Segno di una rabbia repressa, sicuramente, ma anche di un profondo disagio personale.
Spesso, in questi casi, si scatena la cosiddetta caccia al responsabile: “Colpa della famiglia, che si disinteressa dell’educazione dei ragazzi” oppure, come variante “Sicuramente la scuola deve ascoltare di più gli studenti e non pensare solo al profitto scolastico”.
Una sterile “caccia alla streghe” in cui a perdere è l’intera società.
Altrettanto indubbio, però, è che dei punti chiave per capire questa escalation di aggressioni contro docenti e personale ATA è il ruolo della famiglia, passata da complice delle violenze sui figli da parte dei professori a quello di complice o addirittura artefice degli stessi comportamenti aggressivi in senso opposto: il 111% dei casi, infatti, si rifà proprio ai genitori.
A questo punto si potrebbe parlare di una serie infinita di spunti di riflessione: sul rapporto sempre complesso e problematico tra scuola e famiglia, i luoghi privilegiati dell’educazione nella minore età ma che spesso non collaborano e non condividono un progetto educativo sui ragazzi, restando separate da una incomunicabilità di fondo in cui, spesso ciascuno (o almeno uno) dei due ha la presunzione di avere la verità in tasca, in una lotta improduttiva e dannosa.
Oppure sulla necessità di un intervento da parte delle istituzioni, troppo spesso assenti: quanti docenti, negli ultimi mesi, hanno lamentato di sentirsi abbandonati ed esposti a questo tipo di battaglia?
Ed è anche per dare una risposta a queste sacrosante lamentele che il Governo ha messo a punto, proprio nella giornata di ieri, un emendamento al ddl sulla valutazione del comportamento degli studenti, che prevede multe dai 500 ai 10mila euro per gli studenti che aggrediscono il personale scolastico, senza distinzione tra docenti, dirigenti e ATA.
Inoltre, la sospensione condizionale della pena è subordinata all’effettivo pagamento della somma stabilita come risarcimento pecuniario.

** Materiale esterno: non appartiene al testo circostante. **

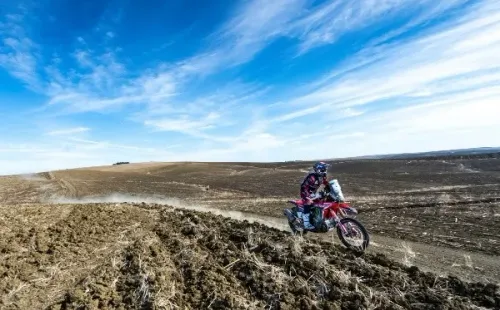 A una etapa de que finalice el Andalucía Rally, el piloto chileno está 9° en la clasificación general.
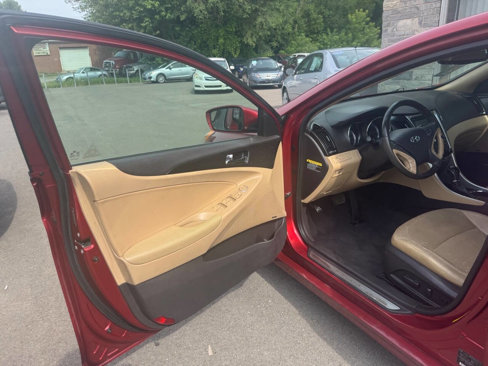 Used 2013 Hyundai Sonata Limited w/ Premium Pkg image 10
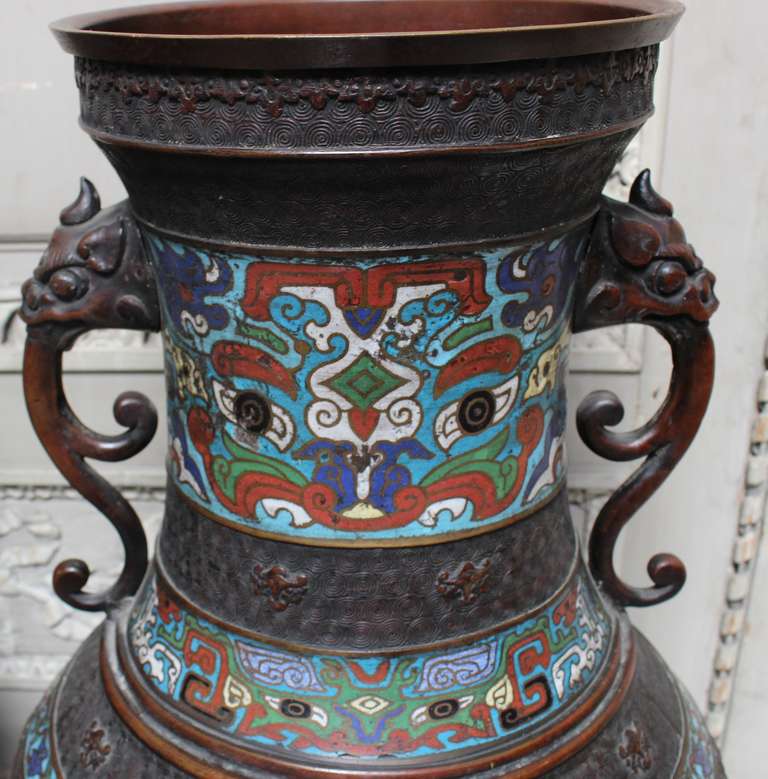 Bronze Paire de grands vases japonais champlevés du XIXe siècle à motifs chinois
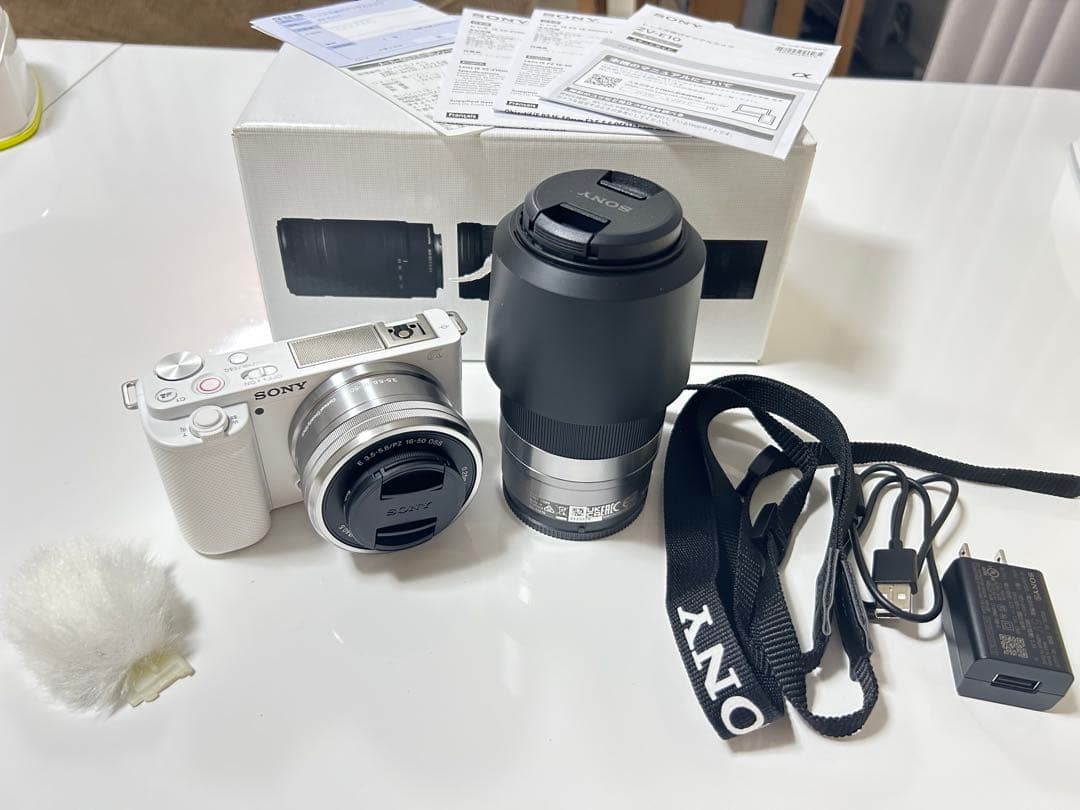 SONY ZV-E10 ダブルズームレンズキット 保証期間内 おまけ付 値下げ中 SONY VLOGCAM ZV-E10Y ダブルズームレンズキット [ブラック] 価格比較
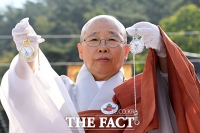  김구-윤봉길 의사 시계 모형 전달 받은 진관사 [포토]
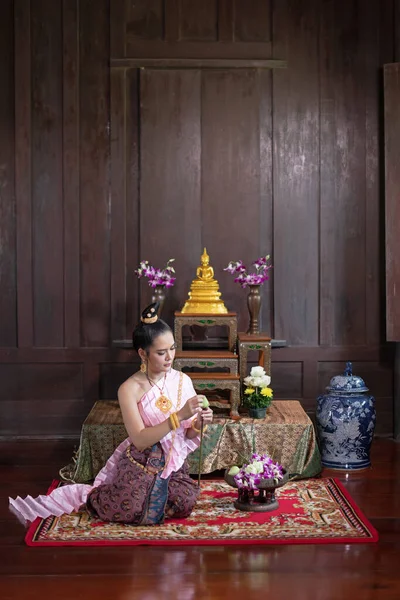Las Mujeres Tailandesas Vestido Tradicional Tailandés Están Decorando Flores —  Fotos de Stock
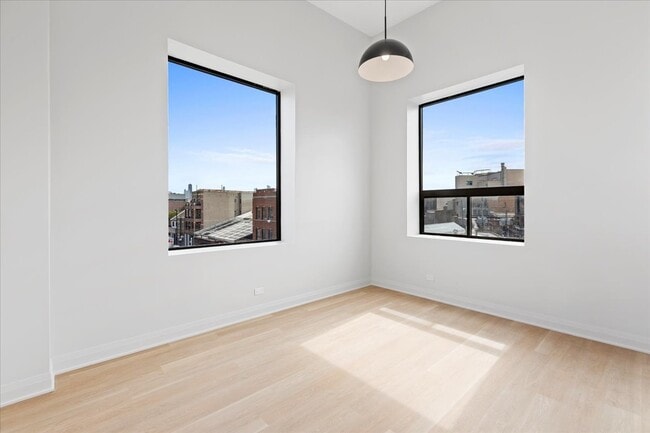 Building Photo - 1934 W North Ave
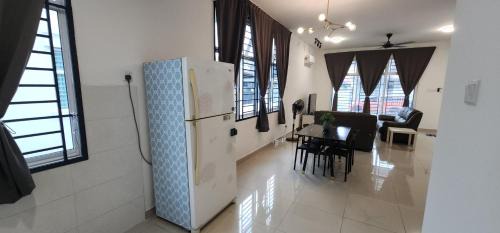 Bandar Penawar Ski Chalet | Homestay Desaru Balau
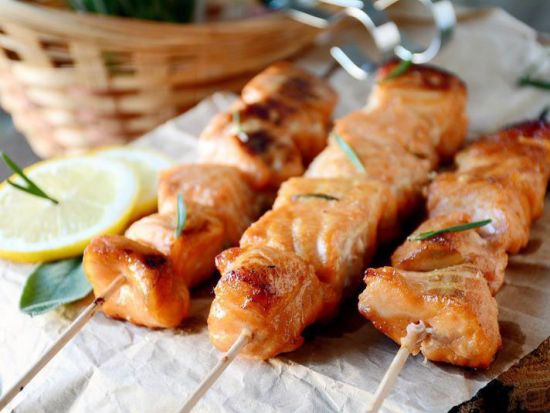 Шашлык из красной рыбы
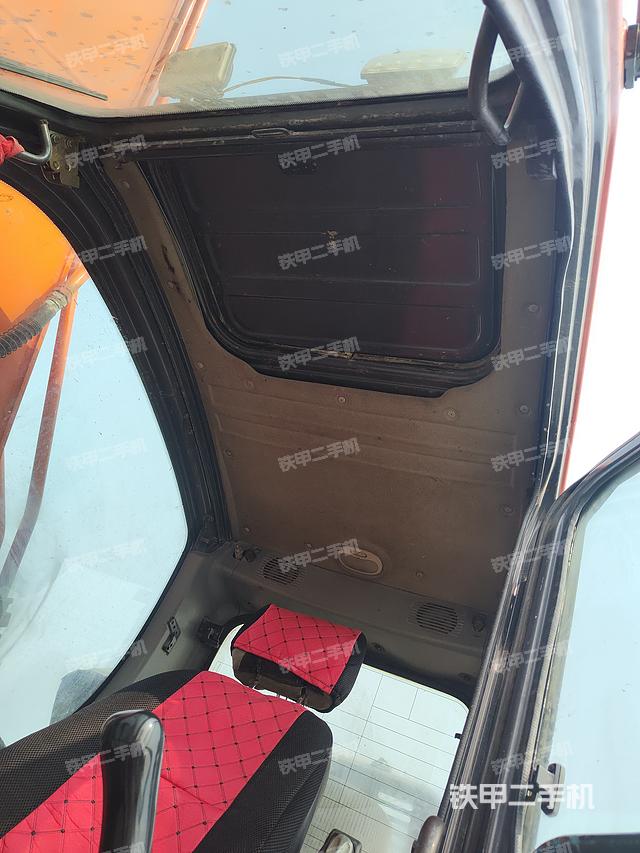 駕駛室頂部（整機(jī)外觀）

Questo significa che gli studenti che non pagano la multa non potranno beneficiare della sospensione della pena.
La misura prende spunto dal caso di aggressione al dirigente della scuola tarantina avvenuto qualche settimana fa e balzato all’attenzione della stampa nazionale: “Toccando anche nel portafoglio chi è responsabile dell’educazione dei propri figli, forse un’inversione di rotta si riuscirà ad ottenere”, aveva dichiarato il ministro dell’istruzione, Giudeppe Valditara, che aveva parlato anche dell’ipotesi di un presidio delle forze dell’ordine in alcune aree a rischio.
Insomma, il Governo prende posizione sulla questione, ma è chiaro che per fronteggiare efficacemente questa emergenza educativa sarà come sempre necessario uno sforzo corale, attraverso campagne di sensibilizzazione e progetti che coinvolgano scuola e famiglia soprattutto, ma anche tutti quei luoghi deputati alla formazione dei ragazzi.